Message Too Old, No Replies

Google Robots.txt Wildcard Feature

Please take a look at my robot.txt

         

seunosewa

7:09 pm on May 30, 2005 (gmt 0)

10+ Year Member



My robots.txt reads:
--------------
User-agent: *
Disallow: /forum
Disallow: /nigeria?
Disallow: /?
Disallow: /index.php

User-agent: Googlebot
Disallow: /forum
Disallow: /index.php
Disallow: /nigeria?
Disallow: /?
Disallow: /*msg
---------------
I expected the last directive to prevent Googlebot from downloading any url with the string 'msg' in it, but googlebot seems to be ignoring that directive and downloading files like /forum/topic-12.msg45454.html. What could be wrong?

Dijkgraaf

10:12 pm on Jun 1, 2005 (gmt 0)

WebmasterWorld Senior Member 10+ Year Member



Read
[robotstxt.org...]

There are various mistakes you have made.
1) It should be Disallow: /forum/ (Note the trailing slash).
2) Wild cards such as /? and /*msg, /nigeria? are not part of the standard (although some bots do allow it, but Google isn't one of them). See relevent section from the above mentioned standard
"Note also that regular expression are not supported in either the User-agent or Disallow lines.

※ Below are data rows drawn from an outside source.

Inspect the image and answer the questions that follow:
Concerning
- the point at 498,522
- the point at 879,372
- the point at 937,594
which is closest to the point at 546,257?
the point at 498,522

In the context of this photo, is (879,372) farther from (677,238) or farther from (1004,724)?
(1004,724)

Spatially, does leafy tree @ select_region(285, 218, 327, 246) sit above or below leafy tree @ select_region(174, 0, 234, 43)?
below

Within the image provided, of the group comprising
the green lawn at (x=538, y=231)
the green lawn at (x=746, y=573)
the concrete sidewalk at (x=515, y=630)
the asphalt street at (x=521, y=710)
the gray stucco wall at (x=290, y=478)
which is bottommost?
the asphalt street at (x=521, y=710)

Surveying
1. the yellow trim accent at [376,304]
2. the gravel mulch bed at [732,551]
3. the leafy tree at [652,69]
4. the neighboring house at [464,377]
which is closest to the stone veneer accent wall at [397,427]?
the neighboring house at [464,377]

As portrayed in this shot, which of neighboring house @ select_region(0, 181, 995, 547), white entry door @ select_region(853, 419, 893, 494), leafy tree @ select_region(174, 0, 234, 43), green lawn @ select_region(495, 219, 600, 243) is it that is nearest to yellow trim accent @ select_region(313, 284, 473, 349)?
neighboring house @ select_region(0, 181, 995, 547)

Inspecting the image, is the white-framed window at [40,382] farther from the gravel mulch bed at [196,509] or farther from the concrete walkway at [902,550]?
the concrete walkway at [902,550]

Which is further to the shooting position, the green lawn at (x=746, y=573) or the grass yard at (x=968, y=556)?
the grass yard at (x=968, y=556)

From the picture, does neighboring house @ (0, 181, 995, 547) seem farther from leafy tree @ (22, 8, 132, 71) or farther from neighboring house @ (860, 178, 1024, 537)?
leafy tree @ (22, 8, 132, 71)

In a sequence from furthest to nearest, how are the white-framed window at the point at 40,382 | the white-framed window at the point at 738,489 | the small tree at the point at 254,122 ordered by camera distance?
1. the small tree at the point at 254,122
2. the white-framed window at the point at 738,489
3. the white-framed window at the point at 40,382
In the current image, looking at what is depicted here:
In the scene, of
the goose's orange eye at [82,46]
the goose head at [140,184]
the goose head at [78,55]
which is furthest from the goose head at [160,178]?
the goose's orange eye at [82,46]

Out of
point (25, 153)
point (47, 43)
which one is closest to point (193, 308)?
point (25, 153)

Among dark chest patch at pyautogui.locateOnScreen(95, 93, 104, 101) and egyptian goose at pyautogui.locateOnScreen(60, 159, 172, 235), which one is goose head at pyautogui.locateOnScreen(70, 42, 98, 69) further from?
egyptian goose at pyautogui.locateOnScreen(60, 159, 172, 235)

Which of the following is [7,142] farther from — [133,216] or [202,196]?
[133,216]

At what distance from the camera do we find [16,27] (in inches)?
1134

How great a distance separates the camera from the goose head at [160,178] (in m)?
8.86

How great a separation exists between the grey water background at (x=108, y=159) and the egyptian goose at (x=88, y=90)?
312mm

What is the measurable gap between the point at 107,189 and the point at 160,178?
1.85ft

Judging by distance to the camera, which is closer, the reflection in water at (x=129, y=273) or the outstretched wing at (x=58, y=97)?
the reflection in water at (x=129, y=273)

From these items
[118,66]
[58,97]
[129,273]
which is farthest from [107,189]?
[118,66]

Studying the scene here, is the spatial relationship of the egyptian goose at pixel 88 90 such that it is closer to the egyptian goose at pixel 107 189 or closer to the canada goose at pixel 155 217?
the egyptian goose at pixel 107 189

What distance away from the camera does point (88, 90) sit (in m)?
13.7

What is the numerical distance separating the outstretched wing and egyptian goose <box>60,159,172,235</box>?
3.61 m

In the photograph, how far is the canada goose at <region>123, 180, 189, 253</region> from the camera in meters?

The '*' in the User-agent field is a special value meaning "any robot". Specifically, you cannot have lines like "Disallow: /tmp/*" or "Disallow: *.gif"."
3) It probably pays to put the User-agent: * section last as some bots at either the first match for the User-agent or the *

Reid

6:58 am on Jun 11, 2005 (gmt 0)

WebmasterWorld Senior Member 10+ Year Member



googlebot does allow wildcards but it may be following the user-agent * directive instead of the googlebot one.
user-agent: * should always b the last directive since most bots will follow their own directive or * whichever comes first.

disallow: /forums
will disallow a directory called forums and a file called forums in the root directory

disallow: /forums/
will disallow a directory called forums but not a file called forums.

Reid

7:02 am on Jun 11, 2005 (gmt 0)

WebmasterWorld Senior Member 10+ Year Member



I expected the last directive to prevent Googlebot from downloading any url with the string 'msg' in it, but googlebot seems to be ignoring that directive and downloading files like /forum/topic-12.msg45454.html. What could be wrong?

This should work for googlebot it must be using the user-agent: * because it comes first.

never use wildcards in the directives under user-agent: * because most bots can't handle wildcards in the disallow line but googlebot definitely can.